This is warning to those doing pathway type analysis on SNPs extracted from Illumina 660 type chips. Specifically when looking at brain phenotypes.
Recently, I took a quick and fast approach of grabbing a bunch of genes from some top (but non significant) SNP's from an analysis of fMRI data. I didn't expect any GO groups to be significant, so I was shocked to see axon guidance on top with a super significant p-value (10
-17 after correction). There's a bunch of other GO groups too that come out on top too (see below). We were doing brain stuff so we liked the GO groups but were suspicious for a number of reasons.
Here's a quote that sums up the problem:
"Such an analysis of gene set enrichment is based on the assumptions that all genes are sampled independently from each other with the same probability. These assumptions are violated with data from GWA studies as (i) longer genes usually have more SNPs resulting in a higher probability of being sampled and (ii) overlapping genes are sampled in clusters (
Holmans et al., 2009)."
That text is from:
Gowinda: unbiased analysis of gene set enrichment for genome-wide association studies
Robert Kofler and Christian Schlötterer
One quick test I did was to run another gene ontology analysis where the genes are sorted according do how many SNP's on the genotyping chip. That confirms the problem. Here's some of the top groups from a quick
GOrilla analysis
| GO Group |
FDR q-value |
| cell adhesion |
3.43E-017 |
| biological adhesion |
2.04E-017 |
| neuron projection guidance |
1.39E-017 |
| axon guidance |
1.04E-017 |
| single-organism process |
1.84E-015 |
| synaptic transmission |
3.16E-014 |
| single-organism cellular process |
1.20E-013 |
| cellular component movement |
1.40E-013 |
| single-multicellular organism process |
2.30E-011 |
| ion transport |
2.51E-011 |
This shows a pretty clear bias and I'm guessing it's in part biological. I'd reckon that lots of variation in neuronal guidance genes allows a diversity of brain wiring.
Next step was to hookup Gowinda for the human data and redo the analysis. The result was no significant GO groups.
Several files are needed Gowinda, I put them
online if anyone wants to do a similar analysis with human data.
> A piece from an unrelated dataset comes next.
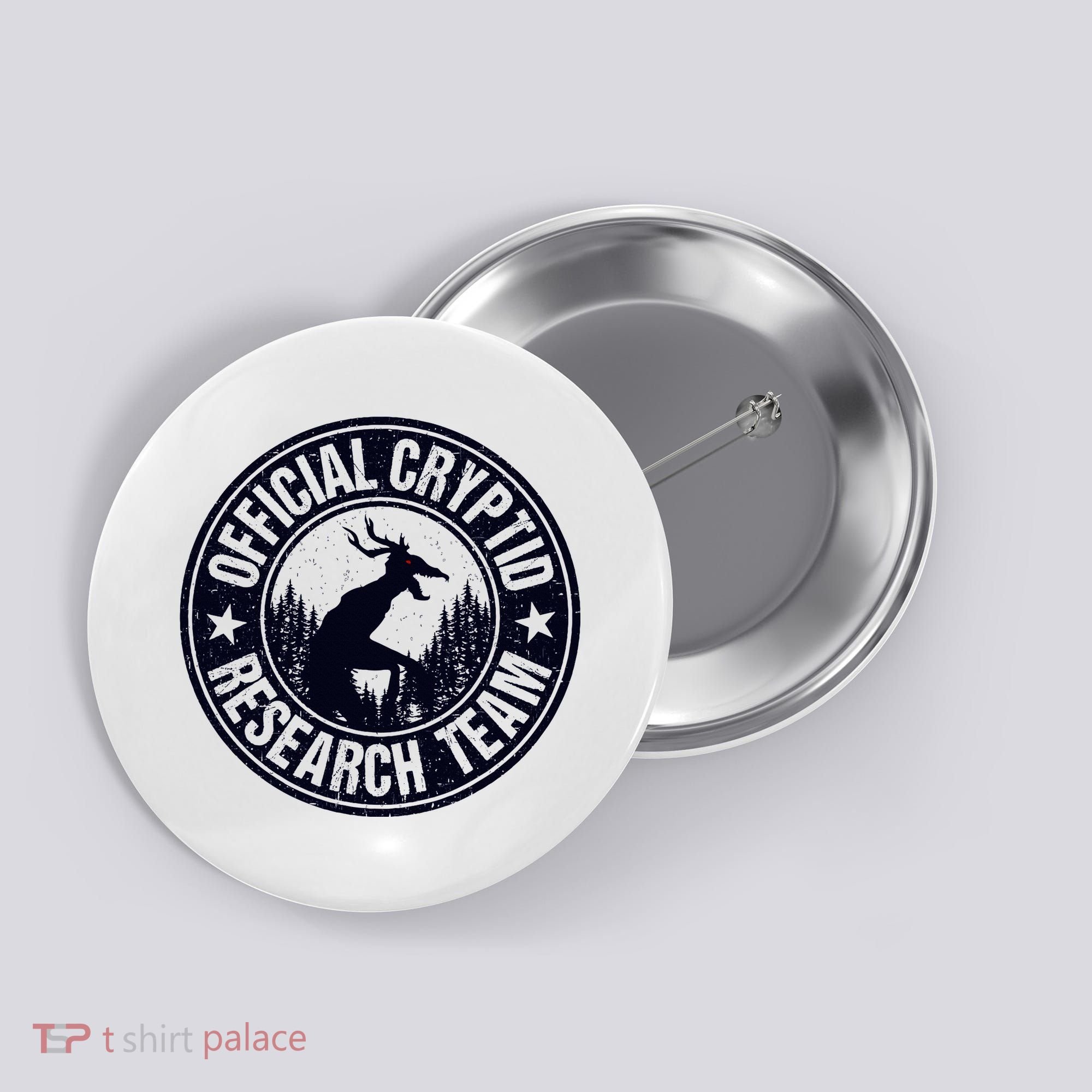 Cryptid Research Team Wendigo Retro Cryptozoology Button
We noticed this and fixed it, but I wonder how many other papers might have been tricked by this. One that comes to mind is this paper:
A genomic pathway approach to a complex disease: axon guidance and Parkinson disease
Timothy G Lesnick, Spiridon Papapetropoulos, Deborah C Mash, Jarlath Ffrench-Mullen, Lina Shehadeh, Mariza de Andrade, John R Henley,Walter A Rocca, J. Eric Ahlskog, Demetrius M Maraganore
with this follow-up (among others):
Neither Replication nor Simulation Supports a Role for the Axon Guidance Pathway in the Genetics of Parkinson's Disease
Yonghong Li, Charles Rowland, Georgia Xiromerisiou, Robert J. Lagier, Steven J. Schrodi, Efthimios Dradiotis, David Ross, Nam Bui, Joseph Catanese, Konstantinos Aggelakis, Andrew Grupe, Georgios Hadjigeorgiou
I can't say exactly what might explain the differences between those two as they did a more complex analysis than just looking for pathway enrichment for certain SNPs. The first paper does have very significant p-values (10
-51) which can be a red flag. It could be that a small enrichment for brain genes, for the phenotype could be exaggerated by the huge bias in the chips. I didn't spend much time on this though, I just wanted to post it online incase anyone else runs into it.
Update: I noticed a similar problem when running GO analysis on Illumina 450k methylation data. In that case the number of CpG sites per gene is not even across GO groups. I ended up doing an empirical type analysis which seemed to work - the super low p-values disappeared.